Todos nos creemos en el fondo
superior al otro. Como si una tez clara, unos ojos azules o una partida de
nacimiento, que no son sino azares involuntarios, concediesen patente de corso
para rechazar al que no posea estos factores que aceptamos como absolutos y no
simplemente diferenciales. Debe ser
cierto que el hombre es el único ser creado que tropieza dos veces en la misma
piedra. Con consecuencias horrendas que deberían habernos vacunado para siempre
del pecado de la intolerancia. Si un Hitler, un Holocausto, y millones de
víctimas no son suficientes para que llevemos grabado como estigma humano
cuanto puede surgir del odio al contrario, creo que la humanidad no tiene
solución como ente moral.
Reconozco haber vivido una
infancia de rechazos. A los gitanos, a los “moros”, a los negros y oscuros,
fuesen paquistaníes, hindúes o de otras nacionalidades. Pertenecía al acervo
cultural inculcar a los niños ese rechazo como algo lógico, para que se cuidase
de ellos. Los “oscuros”, en general servían mucho para la fiesta del Domund,
con su hucha de cabeza de negrito, para las misiones, y para hacernos ver lo
inferiores que eran a nuestro lado. Pero nada más.
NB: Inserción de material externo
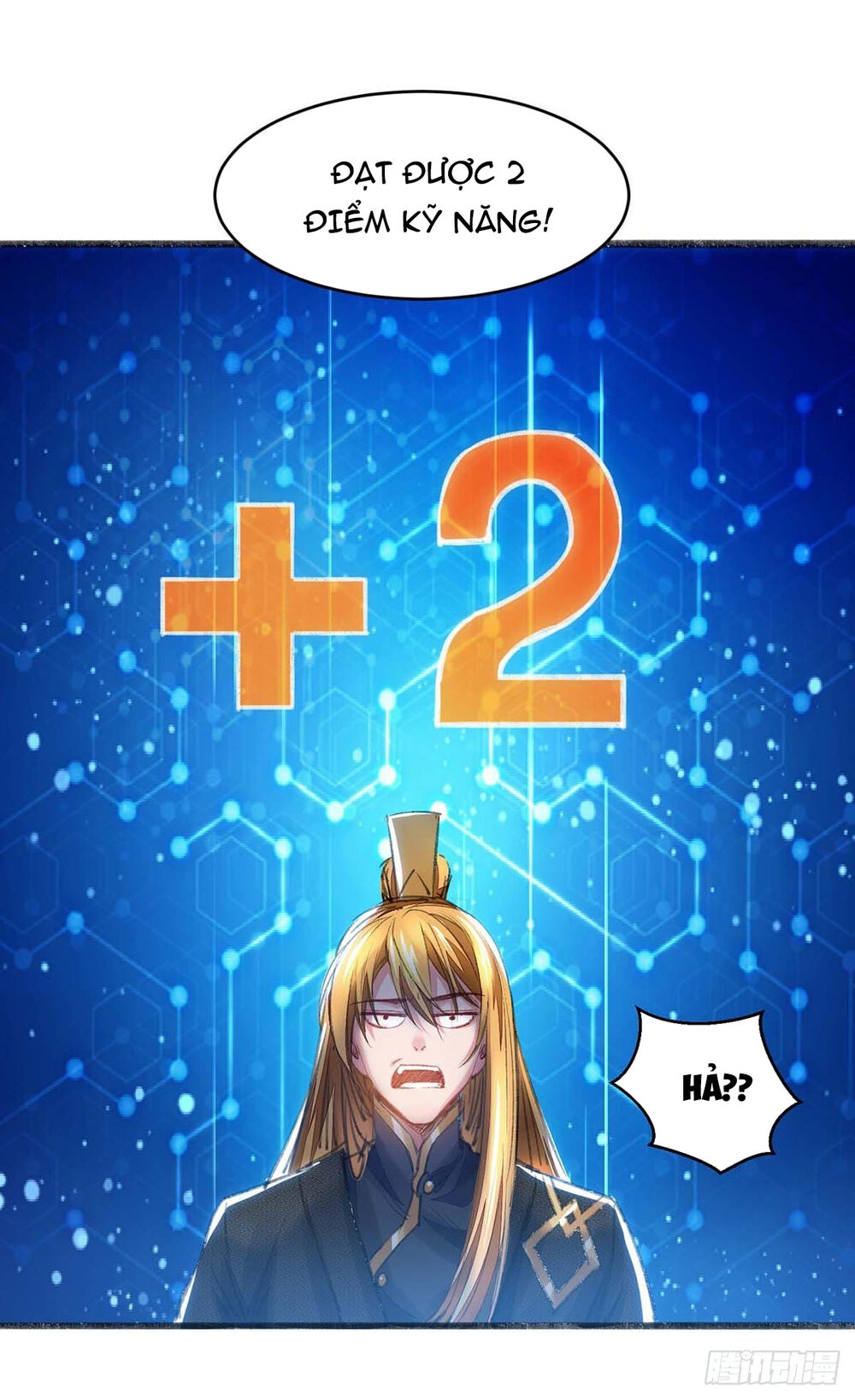 Ta Có Trăm Vạn Điểm Kỹ Năng Chapter 3 - Trang 2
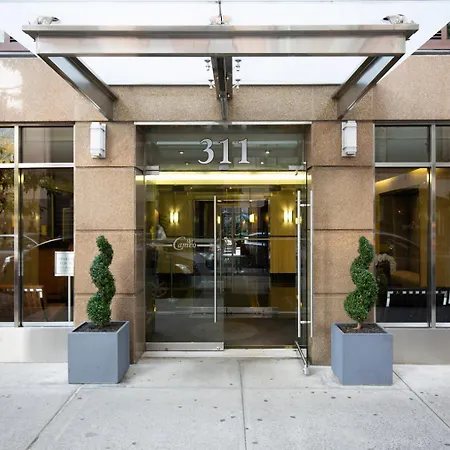 Blueground Hells Kitchen Garden Nr Times Square Nyc-2073 Apartment *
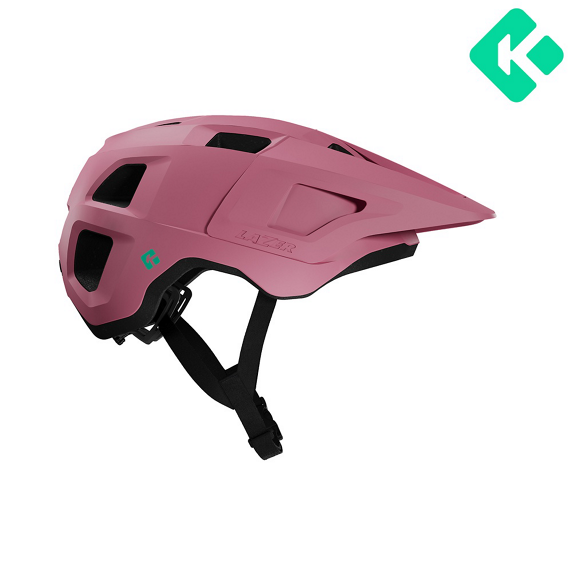 MTB-kypärä LAZER FINCH KINTEICORE Taffy Pink Matt Matt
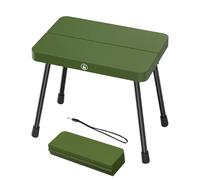 Portable Folding Chair Outdoor, Stool with Aluminum Alloy Frame, Small Bench Travel, Fishing, Beach, Picnic, Watching Games, Classroom, Poolside, Gardening, Hiking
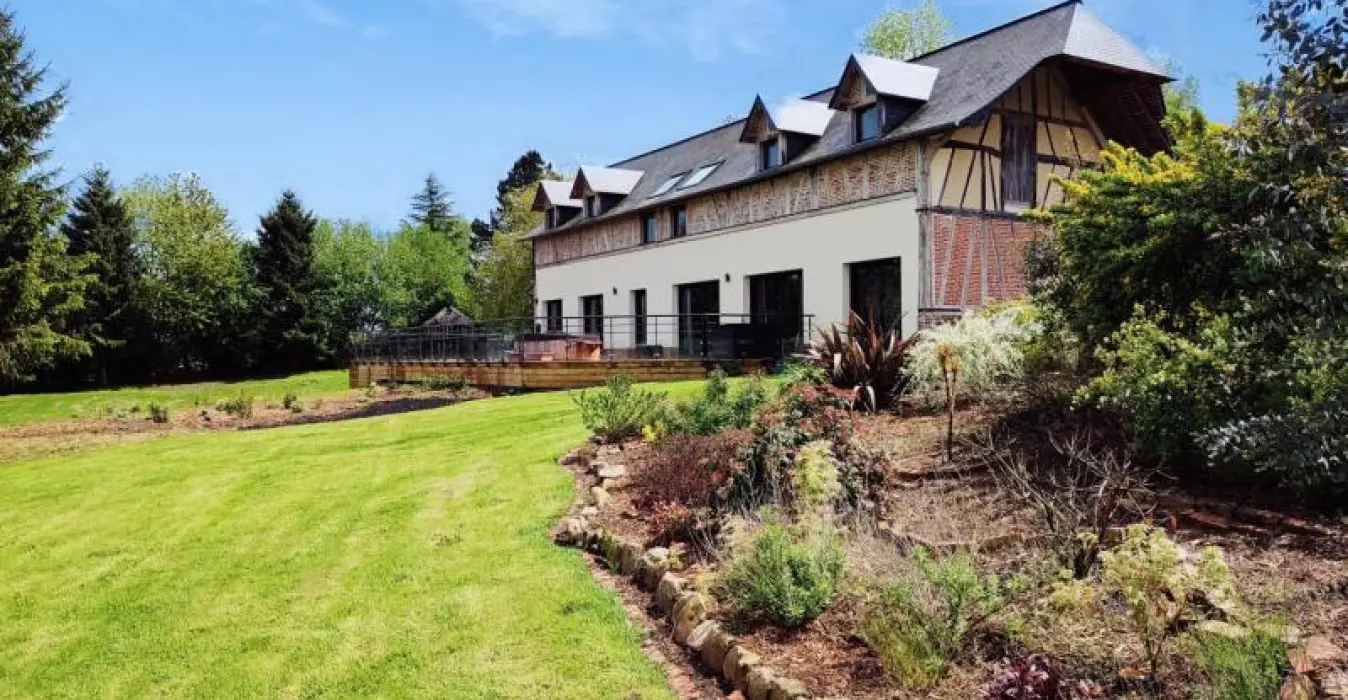 Sur le Chemin d'Emma Bovary
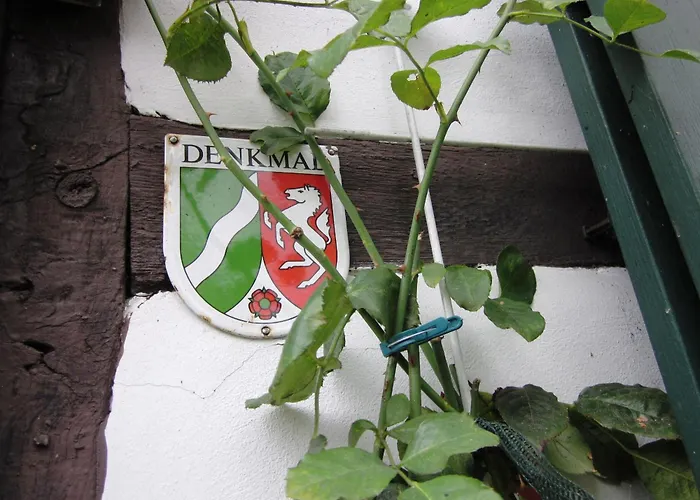 Rosindell Cottage Halle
Abomino hoy de aquella educación
chauvinista y poco cristiana, mezquina y pobre hasta la médula. Abomino de unas prédicas con angelitos alados, rubios y
sonrientes en altares desde donde se nos asustaba sobre todo lo referido al
sexo y sus derivados, junto a un silencio casi total acerca del eje principal
del Evangelio, la justicia y la caridad.
De aquellos polvos han surgido
los lodos de hoy, la terrible situación de refugiados y emigrantes, millones de
seres deambulando por tierras inhóspitas, cada vez más rechazados, con
cadáveres de niños que impactan pero se olvidan pronto, con personajes actuales
poderosos como el impresentable recién elegido presidente de EE. UU., a cuyo
amparo no subsistirá nadie que no tenga como referente el pelo y la piel color
zanahoria.
Quieran o no, el mundo es
multirracial, y por consiguiente multicultural, y eso, en lugar de un problema,
debería ser un signo de riqueza para cuantos habitamos el planeta.
Los elitismos y las purezas de sangre, solo conducen tarde o
temprano a nacionalismos más o menos feroces, capaces de exterminar incluso,
para que sus teorías se lleven a la práctica.
El hombre negro que nos mira
desde su bella piel de ébano, posee, aunque a veces lo olvidemos, una cultura
propia, un idioma, una familia y un corazón que siente. Lo único que le
diferencia de nosotros, es, para su desgracia, la mala suerte de haber nacido
en un país injusto.
Ana María Mata
Historiadora y Novelista
3 comentarios:
Bien pensado y bien expresado. Gracias Ana Ma.
Garbiñe
Solo la cultura y el conocimiento erradicara las actuaciones racistas y los delitos de odio como el que comenta.
Buen articulo ¡basta de hiprocresias¡ de los limpios de conciencia.